Aber weshalb wird so ein Aufwand betrieben, um die Verstehensvorgänge beim Programmieren zu entschlüsseln? "Wenn wir wissen, welche kognitiven Prozesse dabei ablaufen, kommen wir den Antworten auf ganz grundsätzliche Fragen des Programmierens einen großen Schritt näher: Was macht einfachen und was schwierigen, guten und schlechten, nachvollziehbaren und verwirrenden Programmcode aus? Welche Fähigkeiten braucht ein guter Programmierer oder eine gute Programmiererin? Wie kann man diese Fähigkeiten in der Ausbildung fördern? Und dadurch auch: Wie kann man Software sicherer, zuverlässiger und ressourcenschonender machen?", erläutert Sven Apel.
Konkret nutzt das Forscherteam eine fachübergreifende Herangehensweise mit unterschiedlichen Methoden, um sich der Fragestellung zu nähern: "In unserem Ansatz vereinen wir Methoden aus der Neurologie, der Psychologie und der Informatik", sagt Sven Apel. Anhand von Experimenten, in denen verschiedene bildgebende Verfahren aus den Neurowissenschaften miteinander kombiniert werden, wollen die Forscherinnen und Forscher beispielsweise untersuchen, welche Hirnareale beim Programmverstehen aktiviert werden (fMRT), wie stark die Aktivierung dieser Areale ist und wie schnell sie stattfindet (EEG) und in welcher Reihenfolge die Probanden den ihnen präsentierten Code lesen (Eye-Tracking). "So wollen wir die 'Blackbox des Programmierers' öffnen und einen Einblick in die internen, kognitiven Prozesse während des Programmverstehens gewinnen", erläutert Apel.
Das Forscherteam um Apel, Brechmann und Siegmund waren die ersten weltweit, die die Forschung zum Programmverstehen auf diese Art angegangen sind.
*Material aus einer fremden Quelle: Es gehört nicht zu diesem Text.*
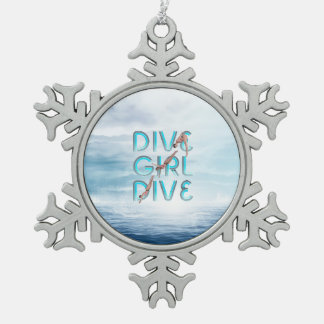 TOP Dive Girl Dive Snowflake Pewter Christmas Ornament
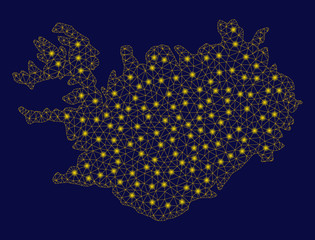 Bright yellow mesh Iceland map with glow effect. Wire carcass polygonal mesh in vector EPS10 format on a dark black background. Abstract 2d mesh created from polygonal grid, round dots,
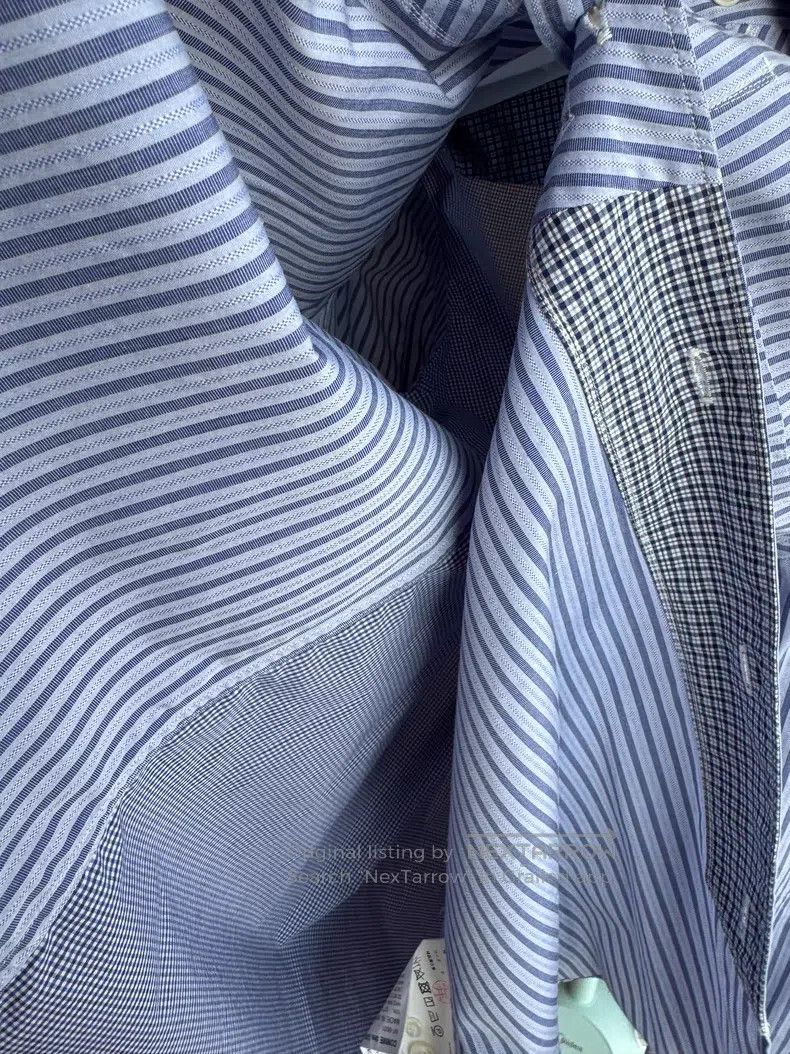 Junya Watanabe JUNYA WATANABE Navy and White Striped Shirt Size US S / EU 44-46 / 1 - 7 Thumbnail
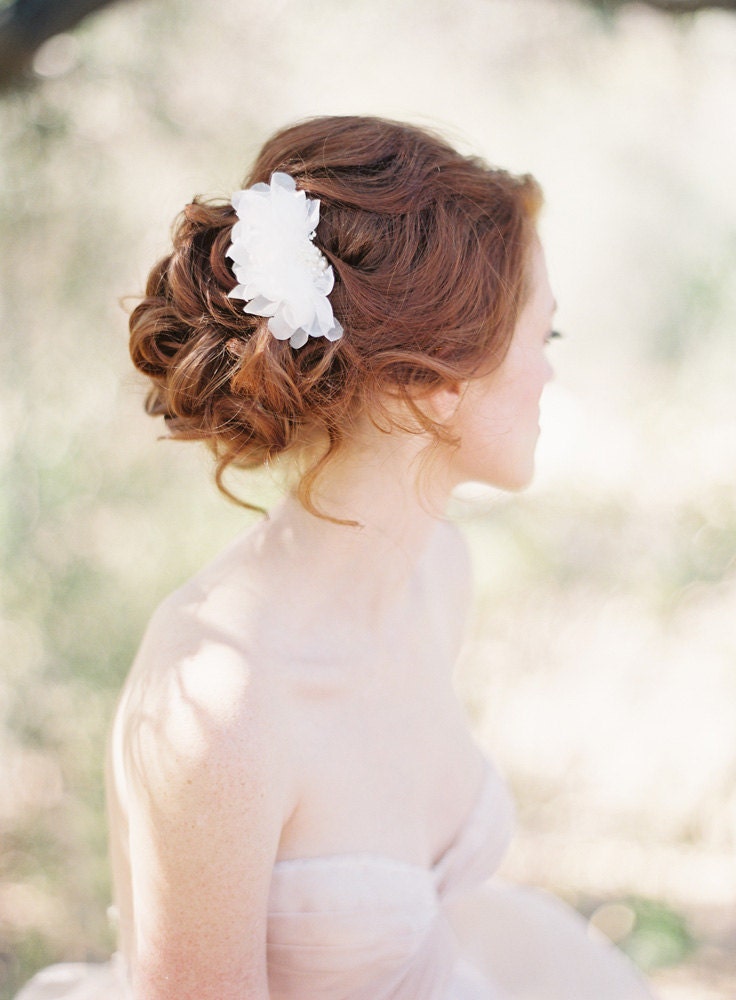 Bridal Hair Pin set of 2, Floral, Petals, lace, Pearls - Style 203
Das Team konnte so zum Beispiel bereits zeigen, dass beim Programmverstehen hauptsächlich das Sprachenzentrum aktiviert wird und wider Erwarten nicht die Teile des Gehirns, die für logisches und mathematisches Denken zuständig sind. "Unser Versuchsaufbau wurde inzwischen von zahlreichen Gruppen auf der ganzen Welt übernommen. Mit der neuen Förderung ist es uns möglich, unsere Vorreiterrolle in diesem Gebiet auszubauen", sagt Sven Apel.
Auf den Ergebnissen dieser Experimente aufbauend, wollen die Forscher in zwei Schritten nun einen "digitalen Zwilling" des Prozesses des Programmverstehens entwickeln. Zuerst soll eine prädiktive Theorie erarbeitet werden, die Vorhersagen über die Abläufe beim Programmverstehen treffen kann und überprüfbare Vermutungen enthält. Anhand dieser Theorie wollen die Wissenschaftler im Sinne des "Cognitive Computational Modelling"-Ansatzes ein Modell entwickeln, in dem sie an den verschiedenen Stellschrauben des Prozesses, wie Programmkomplexität oder der Aktivierung bestimmter Hirnregionen, drehen können, um damit Verstehensprozesse für nicht im Experiment durchgeführte Fragestellungen simulieren zu können (ACT-R-Methode). Anhand dieser Erkenntnisse wollen die Forscher Antworten auf grundlegende Fragen der Programmiermethodik, des Sprachendesigns und Programmierausbildung geben.